Records excerpted from a collection:
·····

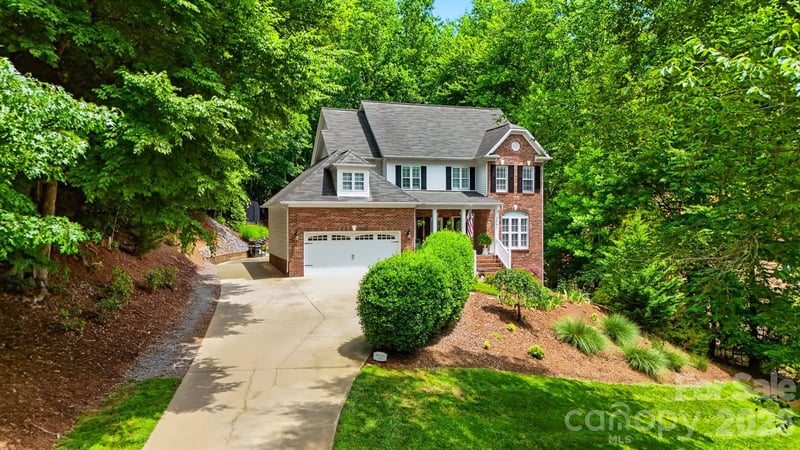 5780 Crown Terrace, Hickory, NC - 4 beds, 3.5 baths, 3,107 sqft - $579,900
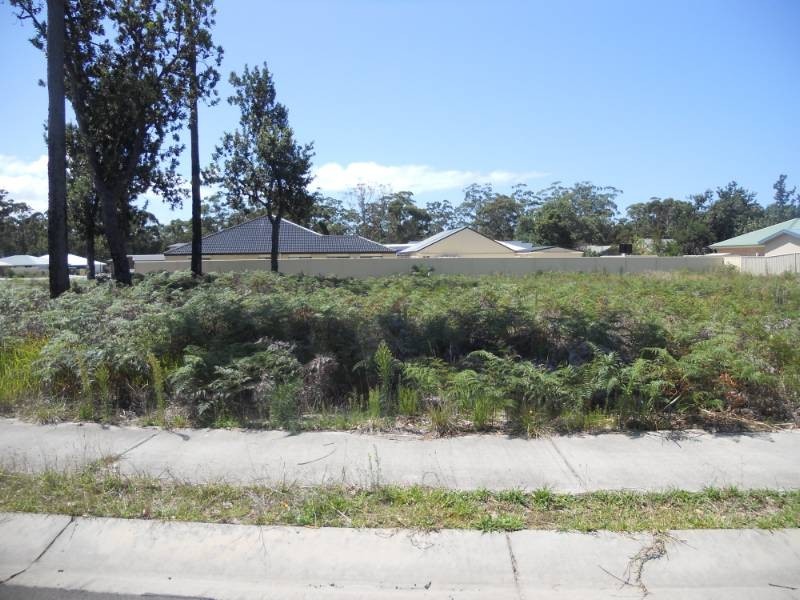6  Caitlin Crescent, Broulee NSW 2537
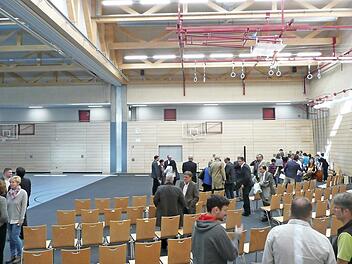 Jetzt auch offiziell eröffnet: die Obermainhalle in Burgkunstadt. Neben Vertretern von Gymnasium und Realschule nahmen auch Kreisräte und beteiligte Planer an der kleinen Feier teil.  Foto: Popp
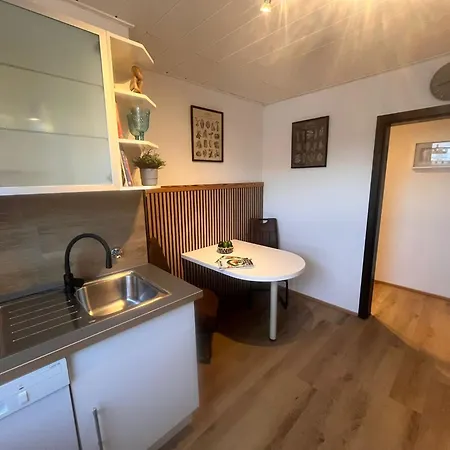 Zentrales Mit Bestlage & Gratis Parkplatz Apartamento *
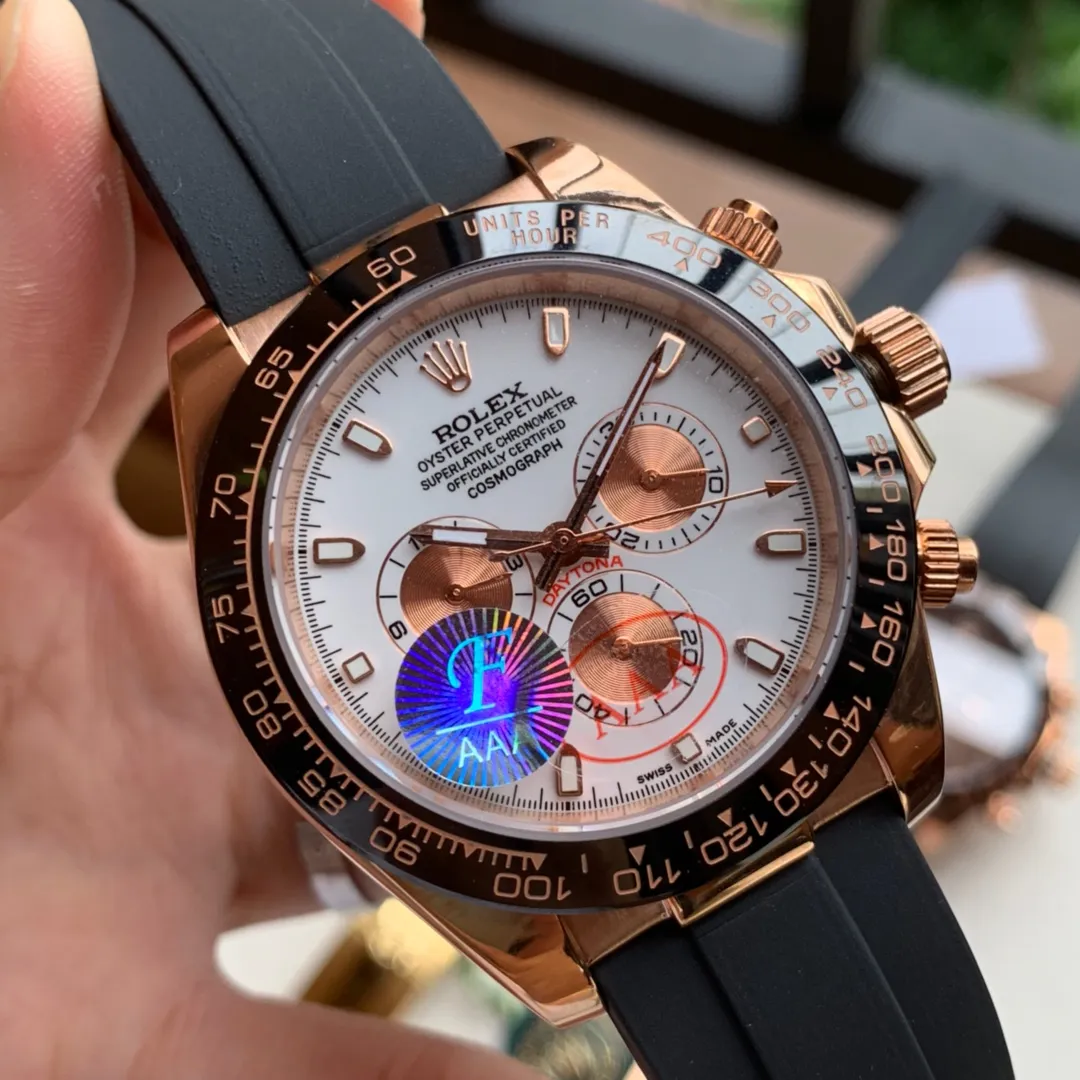 [Foreign Trade Import] 💰1280 White Porcelain Rose" "Digital Coffee" "White Porcelain Gold" Multi-functional and the most representative watch That is the "Daytona" classic 🀄️"Golden Classic" is not restricted by any clothing 👔 Matching All clothing can be matched and suitable for 🈴️ any occasion and will never go out of style 🏅️🏅️ F Factory V2 classic version has fully arrived. It has always been a "beat" target for the same level but has never been surpassed Meet various challenges with excellent quality and welcome repeat customers 🈵️🈵️ [Rolex Cosmograph Daytona Series] [Movement] Using a customized three-eye enlarged version of the fully automatic mechanical movement to make the distance between the three function disks the same as the original [Case] 43mm The texture is consistent with the original) [Dial] The function dial font and the dial logo are superimposed and printed, and they will feel slightly raised when viewed from the side. The background texture of the dial has been filtered and corrected countless times to ensure that it is 100% consistent with the original. The Rolex metal LOGO on it is individually molded, and it can be compared to the original in terms of three-dimensionality and roundness. Easy-to-read Chroma light luminous display with long-lasting luminous material [Mirror] Flat sapphire crystal glass Anti-scratch, the effect will never be ghosted, consistent with the original product. ⚠️⚠️ (Six-digit Rolex unique anti-counterfeiting mark, small crown👑) [Buckle] Made of imported 316 steel and polished in 1:1 parts. The inner side is sanded and corroded with the Rolex stamp. The external buckle safety ring is exactly the same as the original one. ⌚️⌚️ Produced by Factory F. Perfect in every detail.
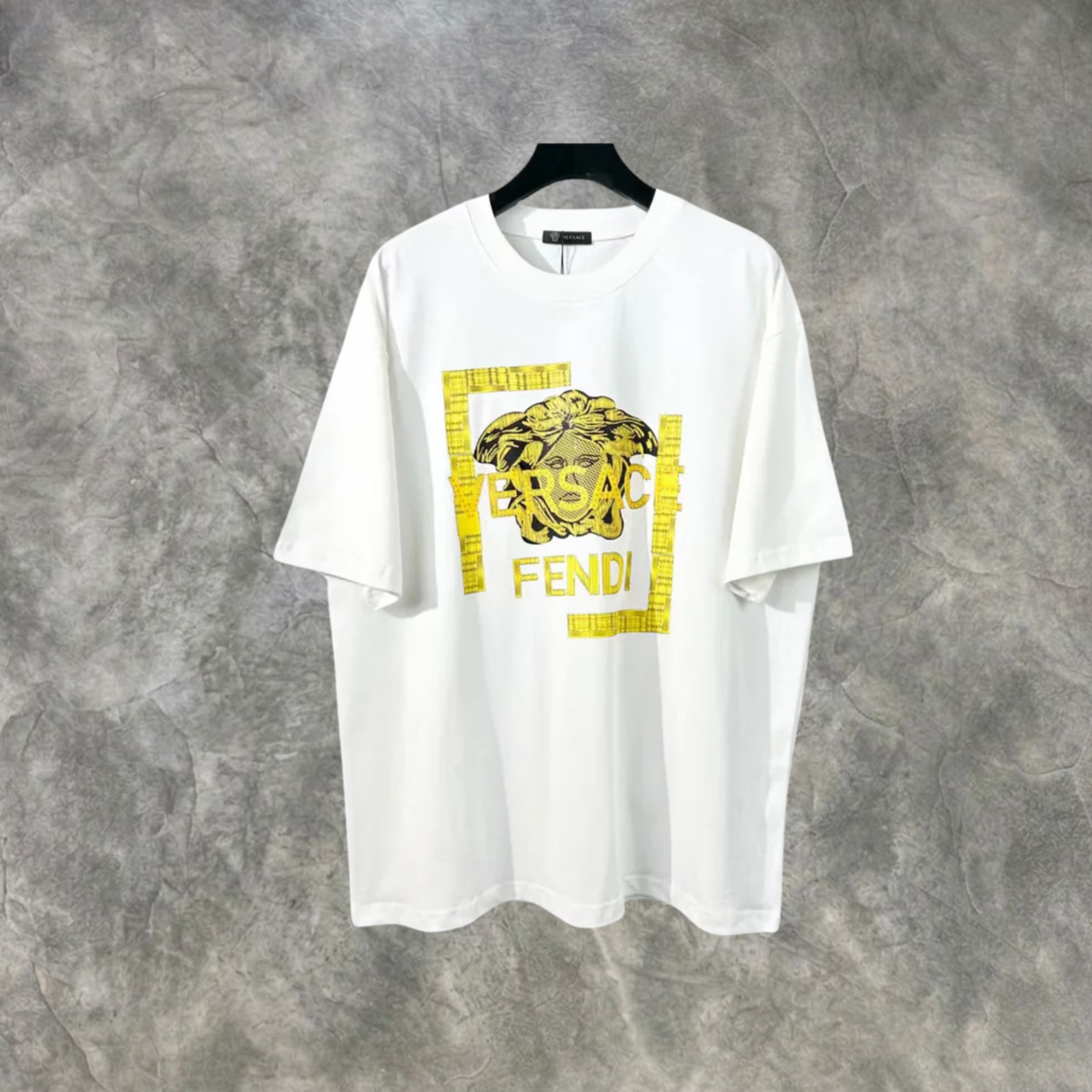 Elvare Club® T-Shirt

·····

*What the task asks*: Restate each line of the records exactly; pictures do not belong in the copy.

*Response below*:
 5780 Crown Terrace, Hickory, NC - 4 beds, 3.5 baths, 3,107 sqft - $579,900
6  Caitlin Crescent, Broulee NSW 2537
 Jetzt auch offiziell eröffnet: die Obermainhalle in Burgkunstadt. Neben Vertretern von Gymnasium und Realschule nahmen auch Kreisräte und beteiligte Planer an der kleinen Feier teil.  Foto: Popp
 Zentrales Mit Bestlage & Gratis Parkplatz Apartamento *
 [Foreign Trade Import] 💰1280 White Porcelain Rose" "Digital Coffee" "White Porcelain Gold" Multi-functional and the most representative watch That is the "Daytona" classic 🀄️"Golden Classic" is not restricted by any clothing 👔 Matching All clothing can be matched and suitable for 🈴️ any occasion and will never go out of style 🏅️🏅️ F Factory V2 classic version has fully arrived. It has always been a "beat" target for the same level but has never been surpassed Meet various challenges with excellent quality and welcome repeat customers 🈵️🈵️ [Rolex Cosmograph Daytona Series] [Movement] Using a customized three-eye enlarged version of the fully automatic mechanical movement to make the distance between the three function disks the same as the original [Case] 43mm The texture is consistent with the original) [Dial] The function dial font and the dial logo are superimposed and printed, and they will feel slightly raised when viewed from the side. The background texture of the dial has been filtered and corrected countless times to ensure that it is 100% consistent with the original. The Rolex metal LOGO on it is individually molded, and it can be compared to the original in terms of three-dimensionality and roundness. Easy-to-read Chroma light luminous display with long-lasting luminous material [Mirror] Flat sapphire crystal glass Anti-scratch, the effect will never be ghosted, consistent with the original product. ⚠️⚠️ (Six-digit Rolex unique anti-counterfeiting mark, small crown👑) [Buckle] Made of imported 316 steel and polished in 1:1 parts. The inner side is sanded and corroded with the Rolex stamp. The external buckle safety ring is exactly the same as the original one. ⌚️⌚️ Produced by Factory F. Perfect in every detail.
 Elvare Club® T-Shirt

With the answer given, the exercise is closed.